También yo tengo poca fe en terminar mis días en el reino de Bruenor. No es sólo el hastío lo que impulsa mis pasos por sendas desconocidas, sino también la firme convicción de que el principio rector de mi vida debe ser la búsqueda, no de lo que es, sino de lo que podría ser. Contemplar la injusticia o la opresión, la pobreza o la esclavitud, y encogerse de hombros impotente, o lo que es peor, retorcer la palabra de un dios para justificar esos estados, es anatema para el ideal, y para mí, el ideal se consigue sólo si se busca. El ideal no es un regalo de los dioses, sino una promesa que nos hacen.

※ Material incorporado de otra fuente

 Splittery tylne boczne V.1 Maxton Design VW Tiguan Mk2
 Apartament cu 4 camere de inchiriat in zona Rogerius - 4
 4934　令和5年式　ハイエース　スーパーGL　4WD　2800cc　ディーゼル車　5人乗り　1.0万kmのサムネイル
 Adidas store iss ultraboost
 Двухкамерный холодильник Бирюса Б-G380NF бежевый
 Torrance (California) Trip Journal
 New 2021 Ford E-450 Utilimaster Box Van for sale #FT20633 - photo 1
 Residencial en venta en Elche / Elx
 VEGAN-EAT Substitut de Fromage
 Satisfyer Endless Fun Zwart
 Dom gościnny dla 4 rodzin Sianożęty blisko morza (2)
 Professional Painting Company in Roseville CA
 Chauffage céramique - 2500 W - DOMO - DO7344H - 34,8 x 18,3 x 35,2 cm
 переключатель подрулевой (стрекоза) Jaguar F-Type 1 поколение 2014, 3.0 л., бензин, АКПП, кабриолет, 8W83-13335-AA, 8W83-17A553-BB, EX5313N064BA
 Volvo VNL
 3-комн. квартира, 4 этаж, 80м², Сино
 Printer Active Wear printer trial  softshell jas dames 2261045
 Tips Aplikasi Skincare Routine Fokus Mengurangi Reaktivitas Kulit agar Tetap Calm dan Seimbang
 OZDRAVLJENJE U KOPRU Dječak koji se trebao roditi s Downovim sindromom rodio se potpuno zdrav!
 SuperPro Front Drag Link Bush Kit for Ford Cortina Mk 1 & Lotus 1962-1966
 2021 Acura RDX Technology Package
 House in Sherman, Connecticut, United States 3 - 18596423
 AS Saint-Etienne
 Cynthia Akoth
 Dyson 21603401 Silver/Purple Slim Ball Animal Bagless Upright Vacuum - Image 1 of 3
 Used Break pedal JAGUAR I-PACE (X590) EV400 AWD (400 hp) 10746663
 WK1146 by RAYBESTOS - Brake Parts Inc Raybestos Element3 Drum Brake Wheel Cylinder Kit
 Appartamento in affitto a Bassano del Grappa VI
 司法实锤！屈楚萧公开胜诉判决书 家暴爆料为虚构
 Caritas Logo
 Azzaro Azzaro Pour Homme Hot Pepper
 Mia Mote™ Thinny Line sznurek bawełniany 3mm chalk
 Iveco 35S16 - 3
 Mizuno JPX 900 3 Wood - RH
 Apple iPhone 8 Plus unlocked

Tenemos la razón. Tenemos la generosidad. Tenemos simpatía y empatía. Tenemos dentro de nosotros una naturaleza mejor, y es una naturaleza que no puede confinarse en los muros construidos de nada que no sea la concepción del propio cielo.

Dentro de la lógica misma de esa naturaleza mejor, no puede encontrarse una vida perfecta en un mundo que es imperfecto.

Por eso, nos atrevemos a buscar. Por eso, nos atrevemos a cambiar. Ni siquiera la conciencia de que no llegaremos al cielo en esta vida es excusa para refugiarnos en la comodidad de la rutina. Porque es en esa búsqueda, en ese deseo continuo de mejorarnos y de mejorar el mundo que nos rodea, cuando recorremos el camino de la ilustración, cuando llegamos en un momento dado a acercarnos a los dioses con la cabeza baja, en señal de humildad, pero con la confianza de haber hecho el trabajo de ellos, de haber tratado de elevarnos y de elevar nuestro mundo a sus elevados niveles, a la imagen del ideal.